Enfin, avec Chronos-Swiller, Juli Susin propose une enquête temporelle sur le long terme questionnant le rapport à l’émigration et les règles liants le temps et l’espace. Un film proposé dans un premier lieu, réalisé en collaboration avec Raisa Aid, fait référence aux rituels métaphysiques des peuples indigènes du Paraguay, pays dont la réalisatrice est originaire. Ces différentes installations font de l’œuvre d’art un objet de contrebande. La partition musicale écrite par Jeanne Susin pour la bande son du film, traduit les mouvement du passage entre différentes dimensions et à des éléments de tout ordre se matérialisant dans « la zone d’embarquement ». Le spectateur trouvera au sein de différents contenants, des photographies, des fragments en céramique et des documents d’archive en transition vers leur statut de produit culturel.

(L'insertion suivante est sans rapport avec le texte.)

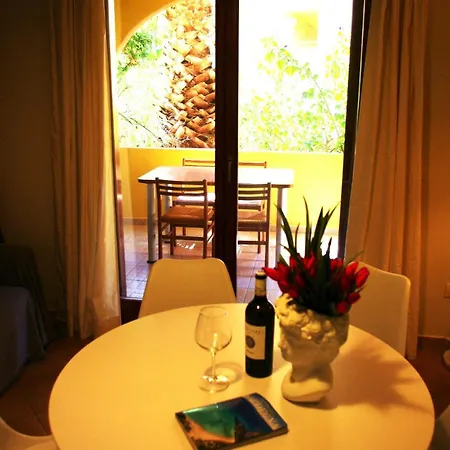 Appartamento Nest House Marina Di Olbia- Mater - Beaches - Close To The Airport - Private Parking- Full Comforts -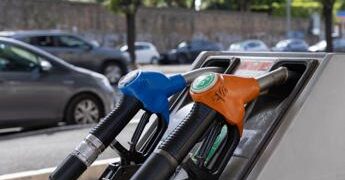 Carburanti, governo proroga sconto sulle accise fino al 5 settembre. Tensioni Fi-Lega su extraprofitti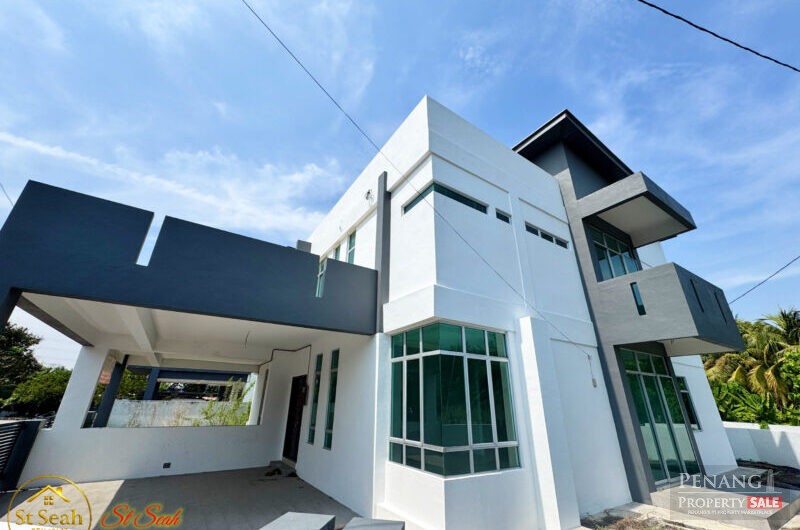 Taman Seri Murai 14100 Simpang Ampat Double Storey Semi Detached (Conner Unit) Land 2713sf Bldg up 2783sf 4 Bedroom  3 Bathroom  RM899K Stseah 0134997388 100% Licensed Real Estate Negotiator NO: REN 13677 * if you are interested in selling your property pls contact  * LISTING NO:A836 *** Build your dream house *** #地产大叔 #stseah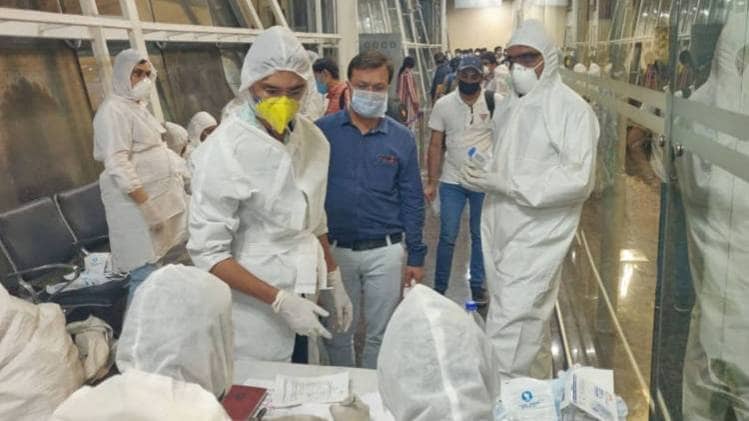 देश में तेजी से बढ़ रहे कोरोना के मामले (Courtesy- PTI)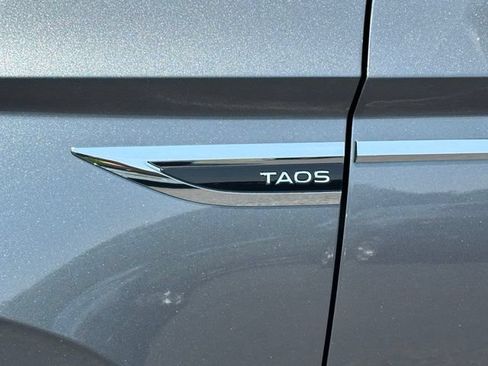 Used 2023 Volkswagen Taos SE w/ Panoramic Sunroof Package AWD/4WD image 10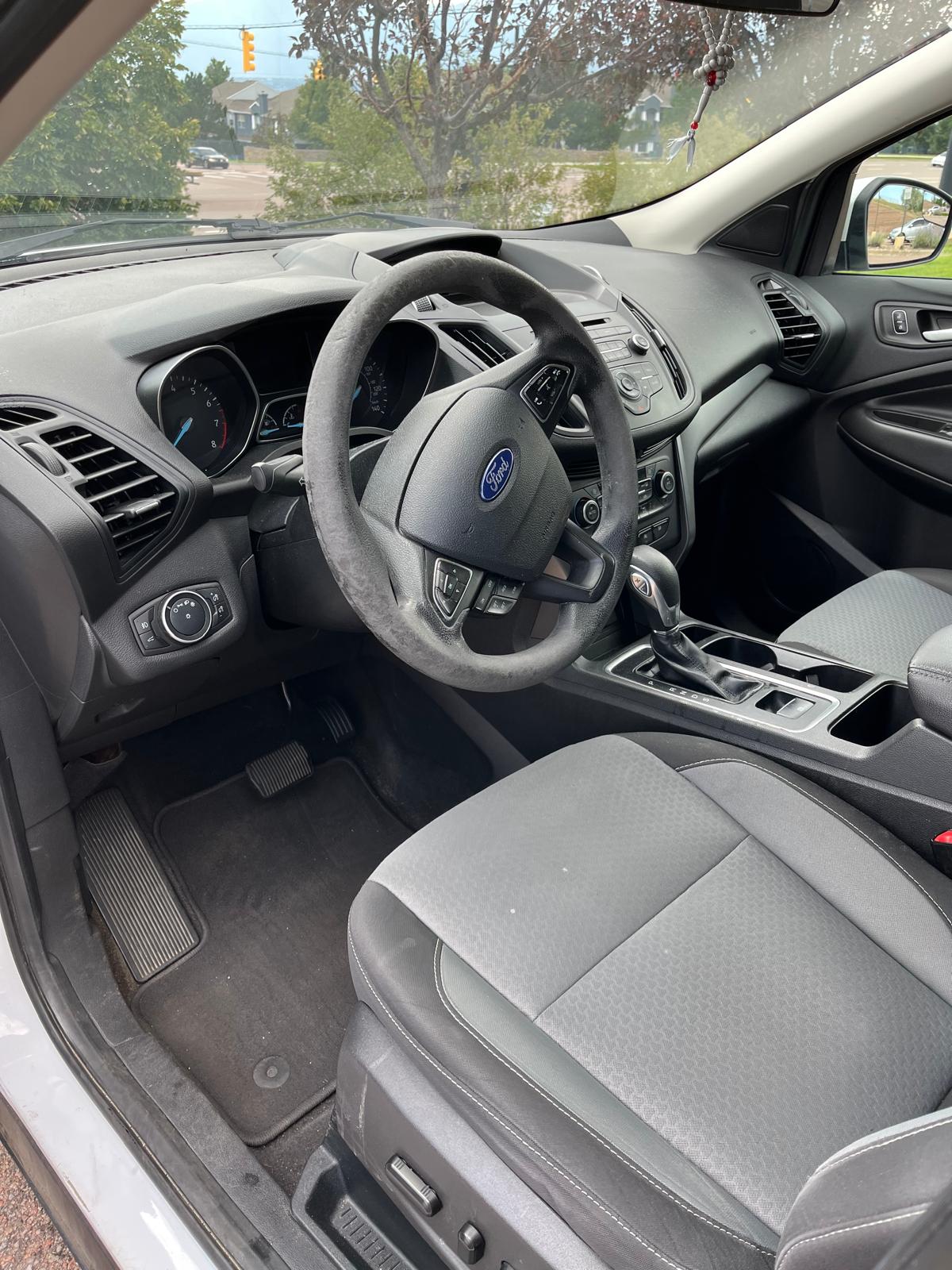 Used 2018 Ford Escape SE FWD image 6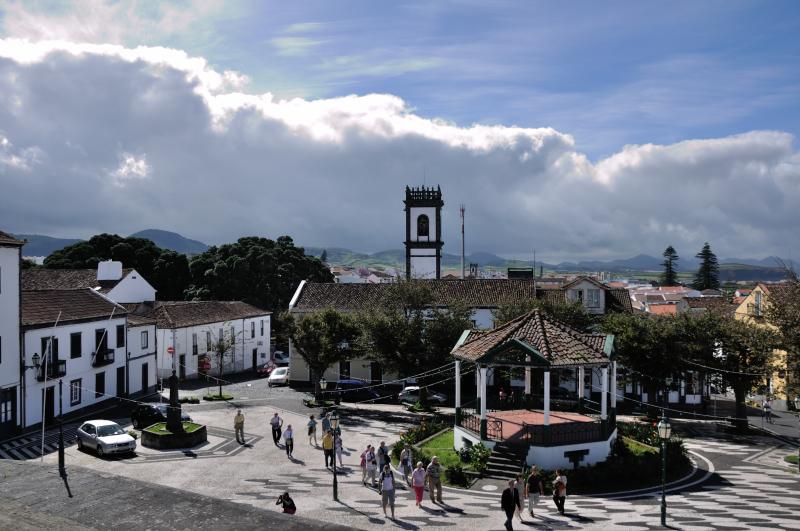 Kalandozások Az Azori-szigeteken Lisszaboni Városnézéssel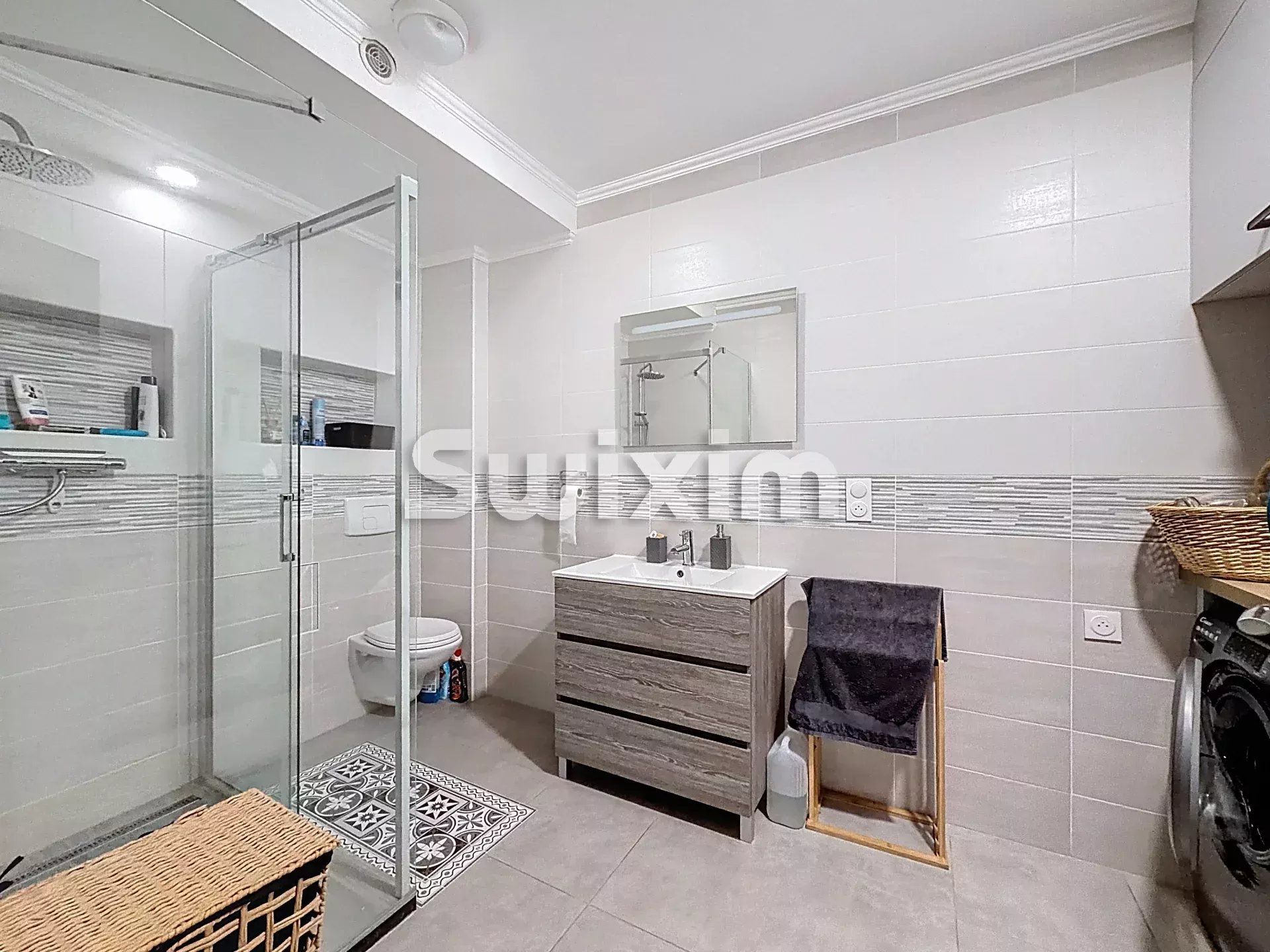 apartamento 5 Quartos para venda sobre Gex (01170)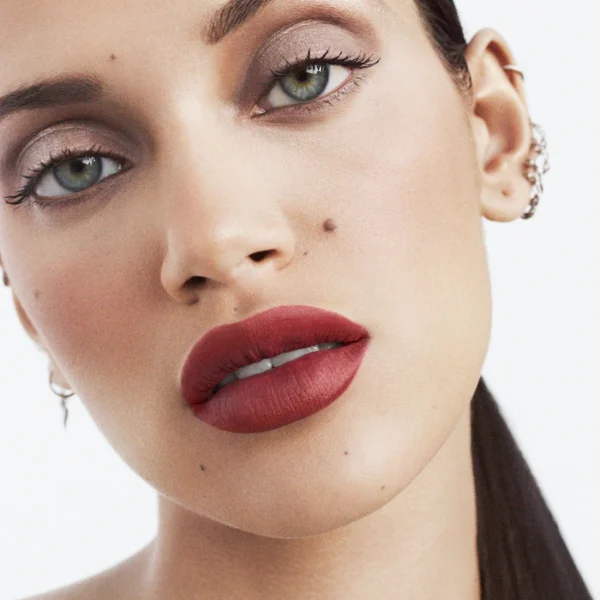 Fenty Beauty by Rihanna  Fenty Icon Velvet Labial Liquido - Imagen 5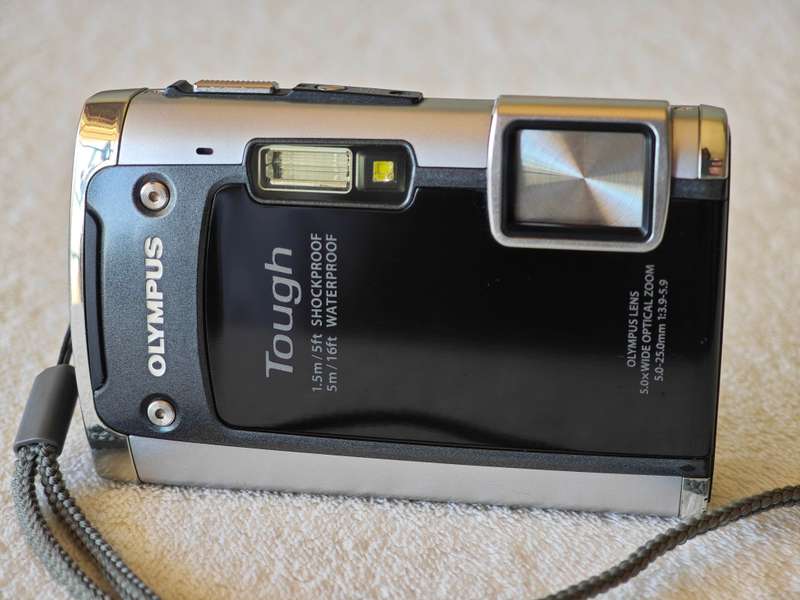 OLYMPUS TG-610 Tough 14 MP ,  5x Wide Optical  - Waterproof / Shockproof Digital Camera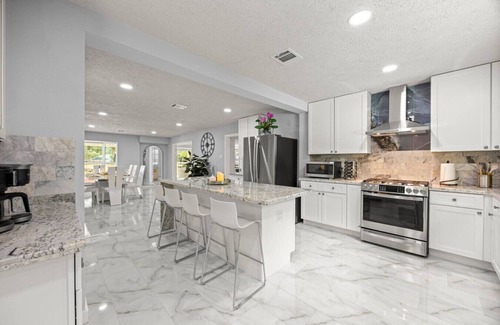 Barker Apartment | Houston Social Court & Event, Pickleball, Billiard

Une critique de l’opportunisme muséal
Aujourd’hui les expositions mettent régulièrement en avant, de manière souvent opportuniste, la question des enjeux climatiques et environnementaux. Ces manifestations permettent de questionner le rôle de la place de l’art et des artistes sur ces enjeux de société. La Fondation Cartier, associée au Festival, présente par exemple l’exposition Fabrice Hyber tirant son inspiration de la Vallée, domaine de l’artiste en Vendée, et réalisant une œuvre où la nature est omniprésente. Tandis qu’à la Bourse de Commerce, l’exposition Avant L’orage questionne sur fond greenwashing l’instabilité de nos paysages face aux changements climatiques. Cependant, l’exposition actuelle à la Fondation Cartier peut paraître décalée. En effet, Fabrice Hyber est présenté comme un artiste voulant transmettre ses connaissances. Ses tableaux pourraient ainsi relever d’un art scientifique, expliquant les différentes relations ayant lieu dans le monde du vivant. Bien souvent cependant, ces tableaux sont hermétiques car relevant du croquis géant d’un passionné. De nombreuses couleurs font que le tout reste plaisant à voir, cependant il est dommage d’envisager ses connaissances comme légitimes étant donné que sa formation en dehors des Beaux arts n’inclut seulement deux années de mathématiques appliqués. Le propos de l’exposition semble ainsi davantage porter sur le mythe de l’artiste découvrant la nature, que sur une démarche résolument tournée sur sa compréhension à l’aulne des dégâts provoqués par l’humanité. En ce qui concerne le festival cependant, à la présentation de ces différents éléments, il est difficile de ne pas croire en une posture définitivement tournée vers la transition écologique.